Friday, 13 January 2017

Motivations...or reasons to behave

I wittered on a day or two ago about wanting to have a good food day, then promptly ate chocolate covered fudge with my morning coffee (so much for caffeine killing my sugar craving) and then went out for dinner with TMM. On the up side though, I tracked it all, chose a lighter option than I might otherwise have done, pre-weight loss, at the restaurant, and know exactly how much my calories are over by. It's all good. I'll just have to keep telling myself that when I step on the scales on Sunday.

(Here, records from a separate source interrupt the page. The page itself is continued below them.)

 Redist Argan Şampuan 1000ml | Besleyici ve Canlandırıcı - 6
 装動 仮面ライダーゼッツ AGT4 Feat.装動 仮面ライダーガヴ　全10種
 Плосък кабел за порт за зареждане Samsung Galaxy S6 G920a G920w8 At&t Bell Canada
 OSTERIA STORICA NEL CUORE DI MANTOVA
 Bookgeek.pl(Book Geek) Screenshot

Other than the usual reasons for not wanting to gain weight again, i.e don't want to have to go through this process again, and I have family and friends who will encourage me to stay on the right track, I've been thinking of additional motivations, things to keep in mind when I want to eat overly calorific, empty in nutrition, "non-food."

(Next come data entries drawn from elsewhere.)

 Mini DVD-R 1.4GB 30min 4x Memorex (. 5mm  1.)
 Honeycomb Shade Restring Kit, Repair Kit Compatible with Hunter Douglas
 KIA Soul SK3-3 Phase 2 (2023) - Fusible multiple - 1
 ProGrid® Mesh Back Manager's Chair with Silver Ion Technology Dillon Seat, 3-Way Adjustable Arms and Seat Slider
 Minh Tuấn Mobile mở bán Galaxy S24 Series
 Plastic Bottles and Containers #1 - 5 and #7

  • New Under Armour top. Looks great. Want to keep it that way. This goes for all the lovely new stuff that I have and adore wearing. How gutted would I be if I got too big for them all ??? 

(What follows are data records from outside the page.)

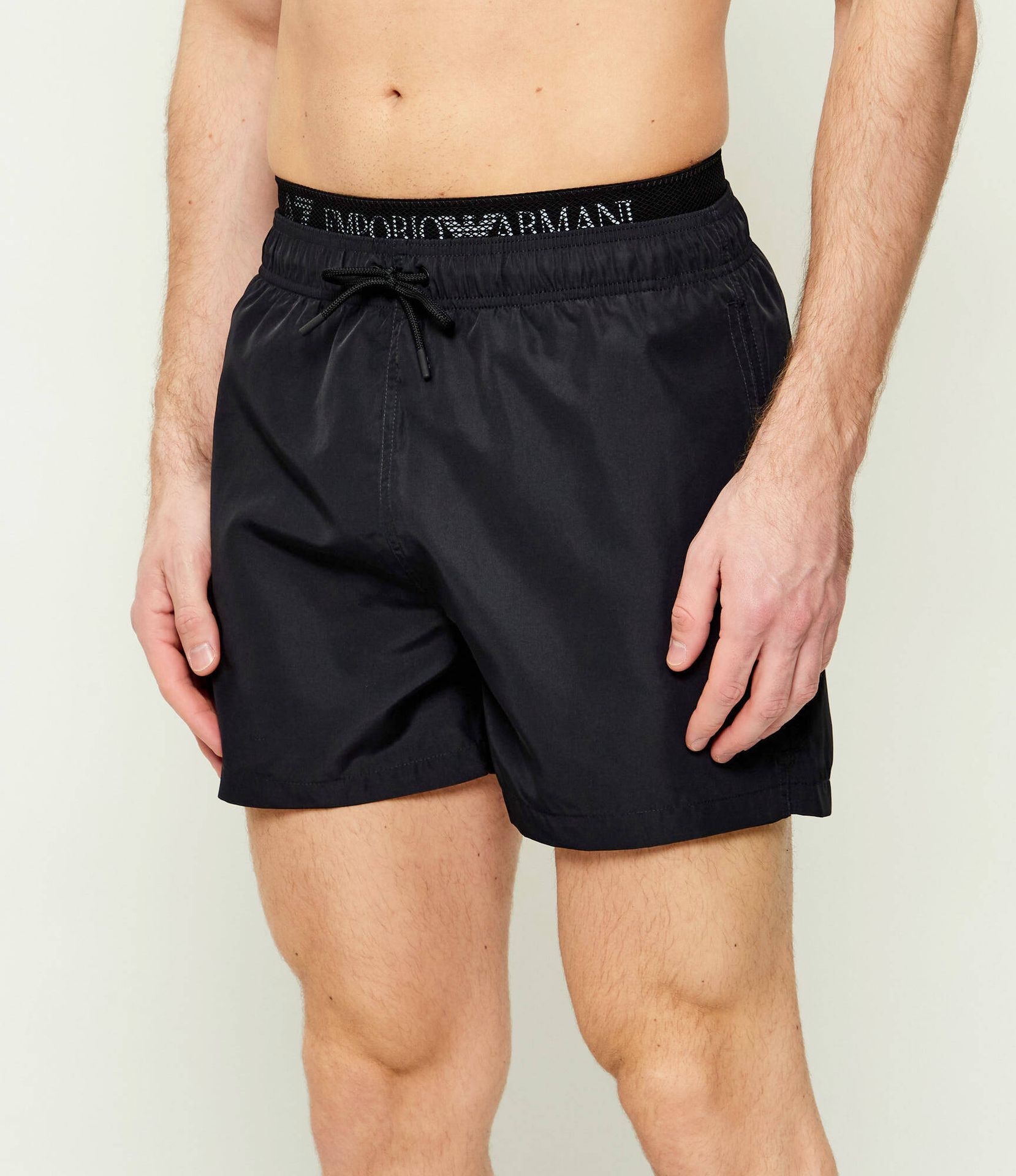 EA7 Szorty kąpielowe Regular Fit
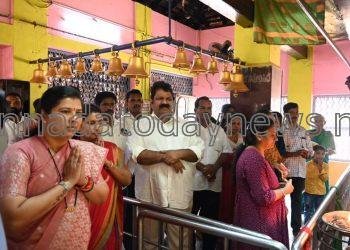 ಭಟ್ಕಳದ ಪ್ರಸಿದ್ಧ ಶ್ರೀ ಸೋಡಿಗದ್ದೆ ಮಹಾಸತಿ ದೇವಿಯ ದರ್ಶನ ಪಡೆದ ಕಾಂಗ್ರೆಸ್ ಪಕ್ಷದ ಉ.ಕ ಲೋಕಸಭಾ ಅಭ್ಯರ್ಥಿ ಡಾ.ಅಂಜಲಿ ನಿಂಬಾಳ್ಕರ್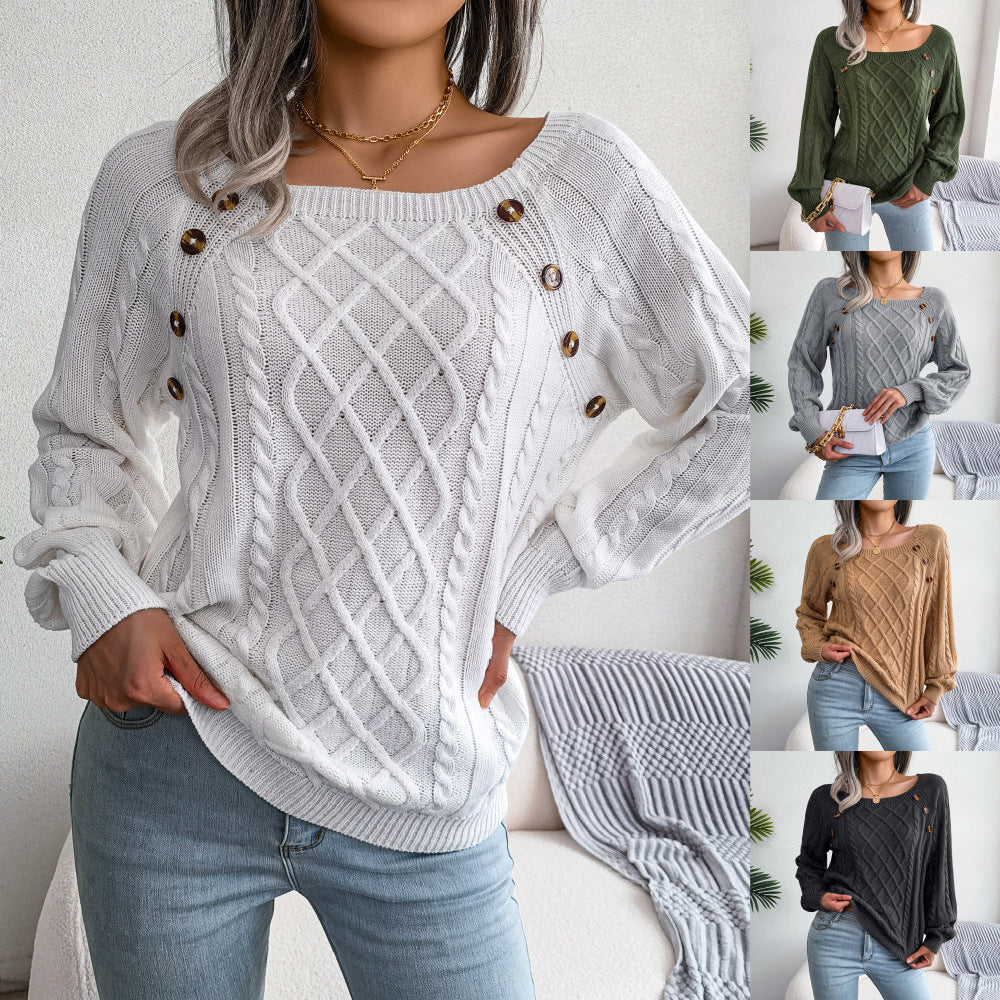 Margaret | Pullover invernale alla moda e senza sforzo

  • Party on 11th Feb. It's a month away. I could have lost anything from two pound to being at goal if I work at it! 
  • Hearing lovely compliments at work from customers who haven't seen me for a while. It happened yesterday and it made me feel great all day.
  • This is a bit of a weird one, and might make me sound a bit odd. At the risk of coming across as obsessive, or even anorexic, I love my collar bone. I really like that I can see it, and when I touch it, it's not covered with fat. Don't get me wrong, I've no desire to be a skeleton, but I love my clavicle. I'm becoming reacquainted with my ribs too, but my clavicle is my favourite :-)
Yesterday was another day of really struggling to stay away from shitty food. I ate some sugar free wine gums, and just about managed to come in on target, having (again) eaten nearly all my exercise calories. But it was pointed out to me, by people much nicer to me than I am to myself, and cleverer (is that even grammatically correct?) too, that it's bloomin' cold at the mo, so maybe my body needs the fuel. I'm definitely feeling the cold a lot more this Winter than it was last year.

And so today? My desire to eat all round me has gone. I am feeling perfectly in control. I had a breakfast of three eggs, scrambled in the microwave, after my run, and had my "Yogi coffee" (a teaspoon of coconut oil, a teaspoon of cinnamon and a mug of black coffee) and I have some raw veg for lunch, waiting in my desk drawer. All thought of every "naughty" food has disappeared. Today, I'm on a roll. Even my run was good, though it was very cold, and I got up extra early to do a few extra km.